Today’s article is the fourth in a four part series addressing the dire consequences of the IRS worker reclassification program.  It is a complicated article because the risks are so great.  Please carefully consider it if it applies to you.  I’ll try to make future articles WAY more interesting.

Anyway, the Internal Revenue Service is actively pursuing worker reclassification audits so to change the tax treatment of independent contractors to that of employees. In doing so, it is retroactively subjecting employers to significant federal payroll tax liabilities, including penalties and interest. Further, it is subjecting the employer to numerous other federal and state laws which also can be overwhelmingly expensive and time-consuming.

Today we are going to address the potential liability of an employer for the acts of a reclassified worker:

  1. Worker Reclassification Audit

When the IRS conducts a worker reclassification audit, it looks at all of the facts of your business relationship with each worker.  It then applies a 20 factor test to determine whether each worker should be reclassified to be an employee. It can then share that reclassification analysis with various state agencies.

The reverse is true as well. When audits are conducted by the state, those results can be shared with the IRS. Since the IRS believes the test of employee or independent contractor status is the same under both federal and state law, the IRS may not even conduct an audit at all and instead simply accept the state audit as its own. I have those cases right now and they can involve millions of dollars.

  1. Employer liability

The common law provides that an employer can be made liable for the negligent conduct of an employee so long as the employee was acting within the scope of their employment and was not willful or intentional.

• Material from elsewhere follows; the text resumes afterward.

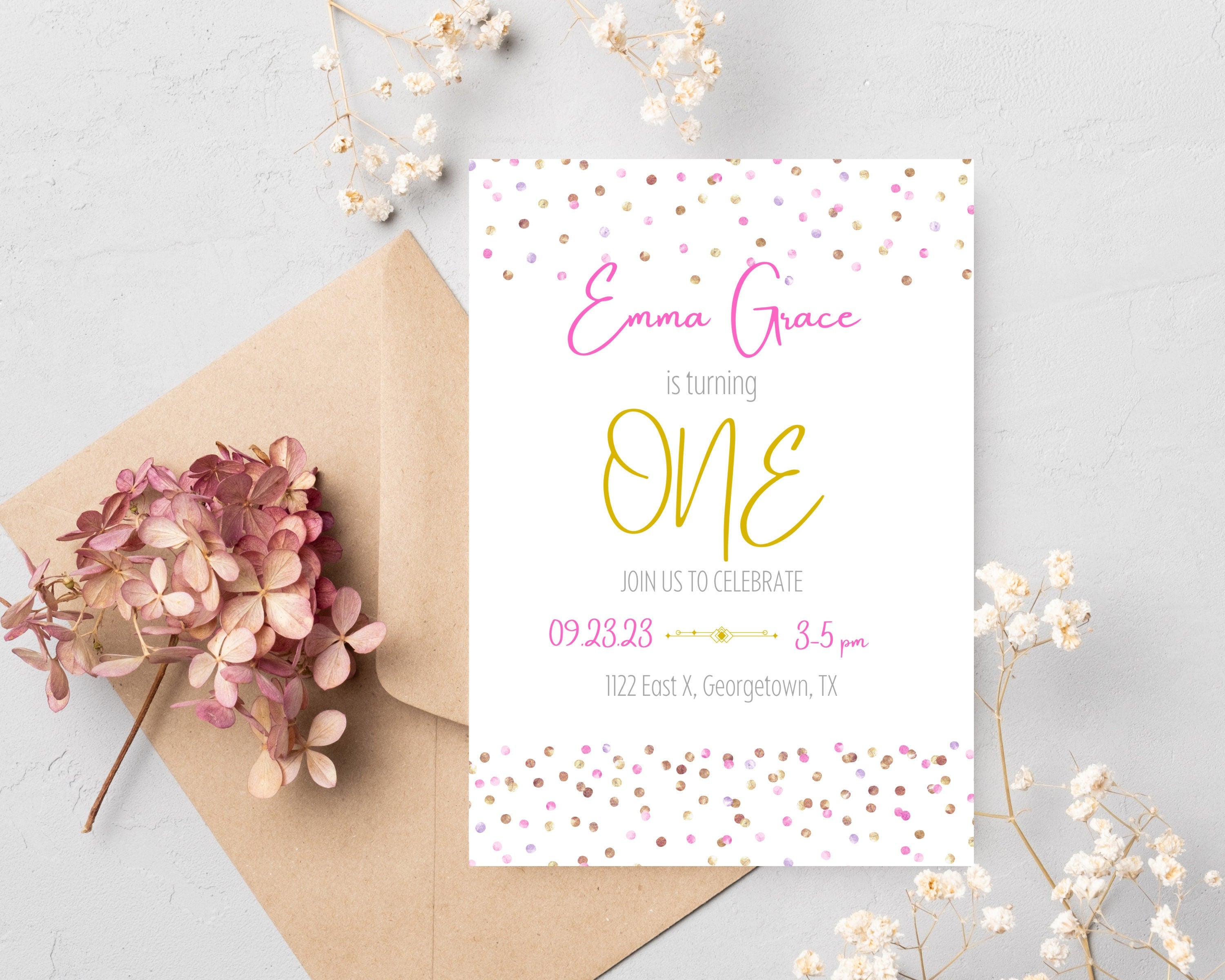 Einladung zum Geburtstag in Pink & Gold, bearbeitbarer digitaler Download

The common law also provides that an employer is not typically liable for the acts of an independent contractor, who is considered to be self-employed and responsible for his or her own actions.

When the IRS conducts an audit and reclassifies an independent contractor to be an employee, that reclassification can become a significant factor in determining whether or not the employer is liable for any acts of that worker.

  1. Insurance

Nothing can destroy a business faster than a successful work related lawsuit by or because of an employee. El Paso juries are famous for large awards to injured workers which  often times are reduced on appeal.  How do we protect  ourselves ?

  1. No Insurance

Businesses can simply ignore the problem and assume substantial  risks.  The scope of their liability can be very broad, the amount they can be sued for is basically unlimited, and many common law defenses may not be available. For example, if an employee was negligent  the employer cannot use the comparative negligence of the employee as a defense to reduce the scope of its liability.  Not much protection here.

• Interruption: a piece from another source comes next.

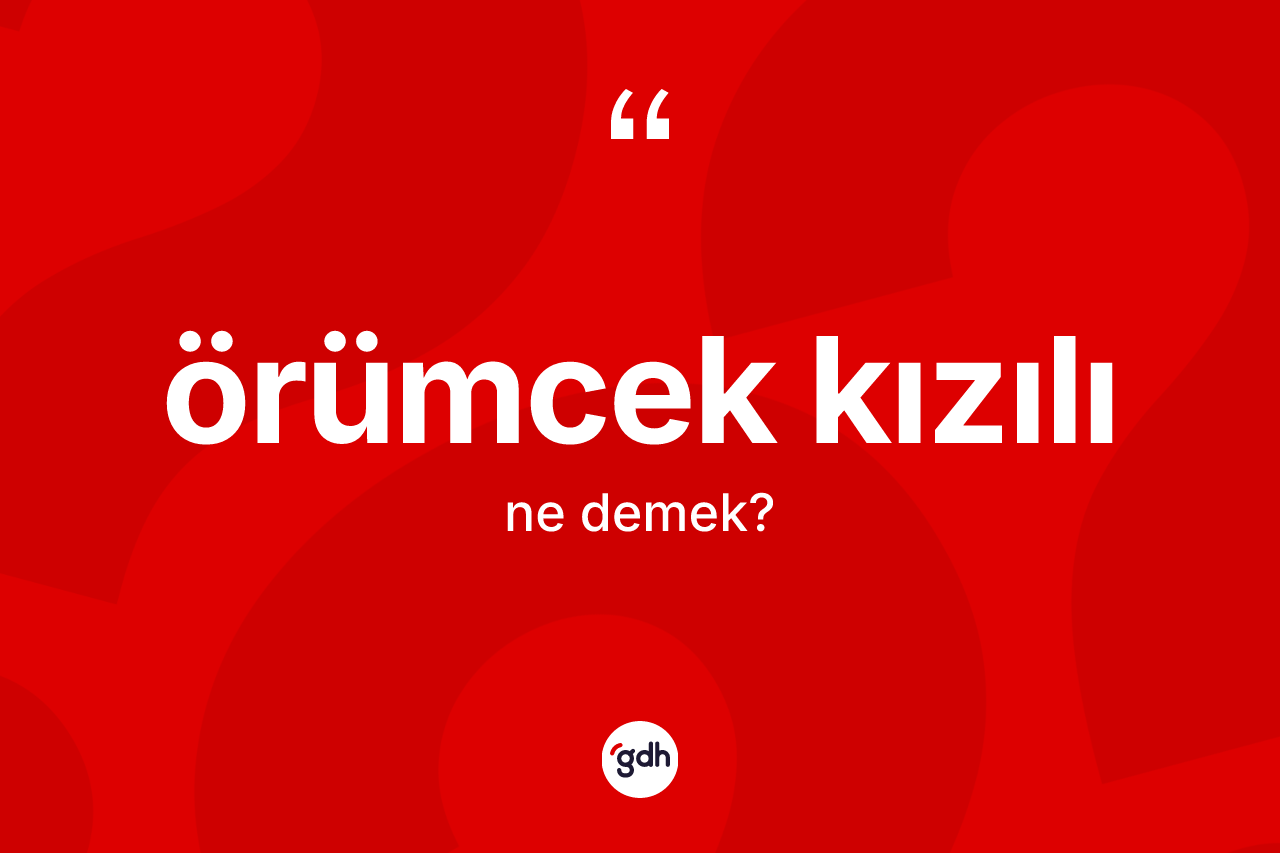 Örümcek kızılı kelimesi ne anlama gelir? Örümcek kızılı kelimesinin özellikleri nelerdir?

  1. State Workers Compensation

One of the ways to protect against such a risk is for an employer to buy insurance. The most common form is Workers Compensation, which is a state regulated insurance program that can pay medical bills and some lost wages.

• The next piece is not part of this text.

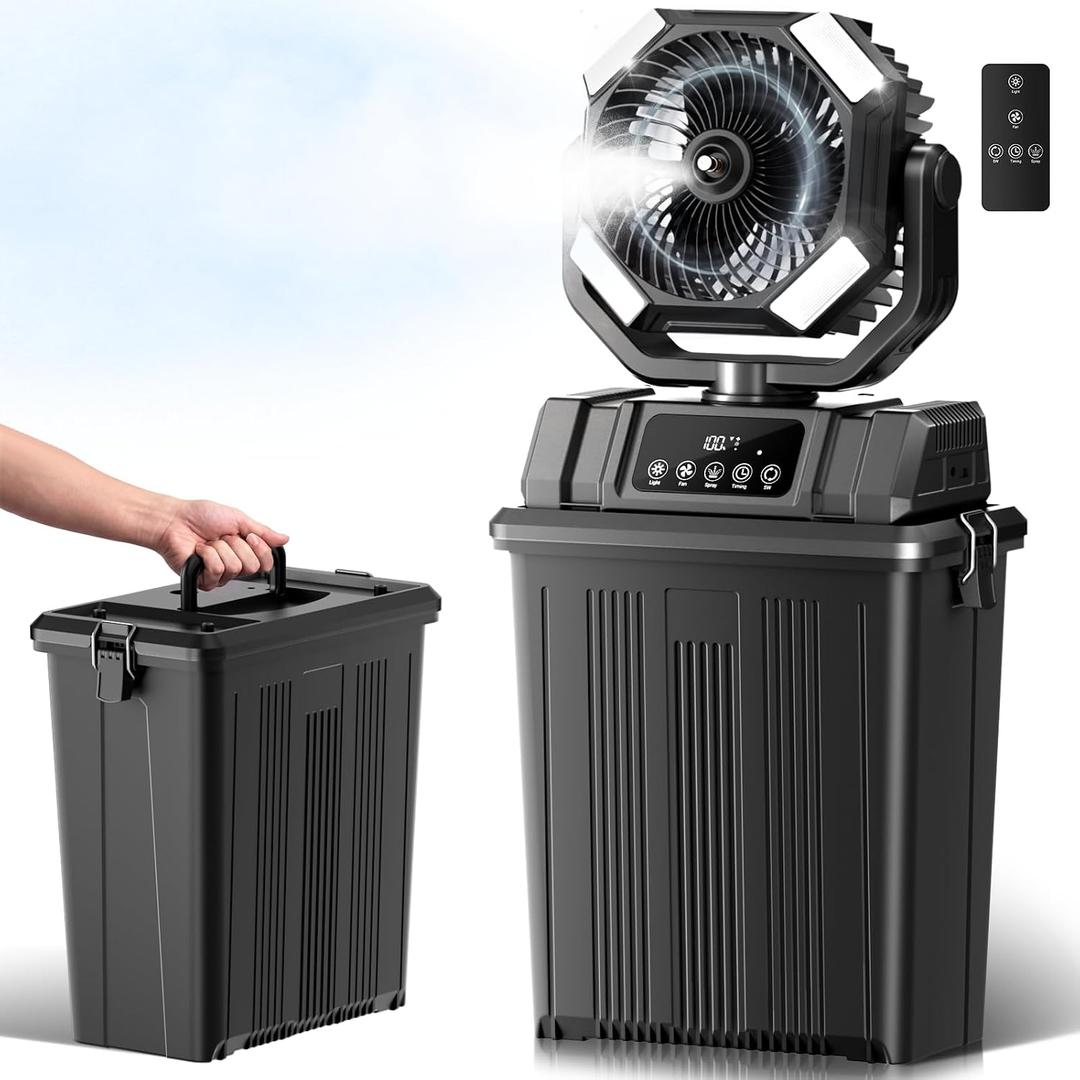 40000mAh Misting Fans for Outside, 15L Large Tank Portable Misting Fan, Battery Powered Outdoor Mister Fan with Remote & LED Light, Wide 270 Coverage for Camping Patio Backyard (Deep black)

Under this plan, participating employers typically cannot be sued by an injured employee                (except where gross negligence by the employer caused a worker fatality and even that is limited).  Employees are provided coverage for medical bills and lost wages by the state insurance program. Employers simply are not a participant in these proceedings (no need for an attorney) which are between the employee and the state.  This is the exclusive remedy for the employee.

  1. Private Insurance

Employers can also buy private insurance . This is typically cheaper but there is a deductible, the employer can still be sued, and there’s always the question of whether the insurance company will cover the injury (or force an unacceptable settlement upon the employer by limiting benefits, coverage, etc.) . There are a variety of ways to self-insure and/ or to purchase group insurance  through a co-op type arrangement.  You really need a good insurance representative if you go this route.

  1. PEO (professional employer organization)

One of the best ways to buy insurance is through a PEO, professional employer organization. Since that organization is considered a co-employer, then it’s Worker Compensation rate can be used – often times at a substantial reduction over that of the employer. That is something to consider.

So folks, here’s the deal.  Employers are responsible for the negligent acts of their employees.  If the IRS or State reclassifies your workers from independent contractors to employee status, then you can be liable for their acts as well. You can reduce this risk by preparing for an IRS reclassification audit now and by purchasing insurance to protect yourself.

Again, I promise that my future articles will be more interesting – but this topic is a critical issue for many businesses now.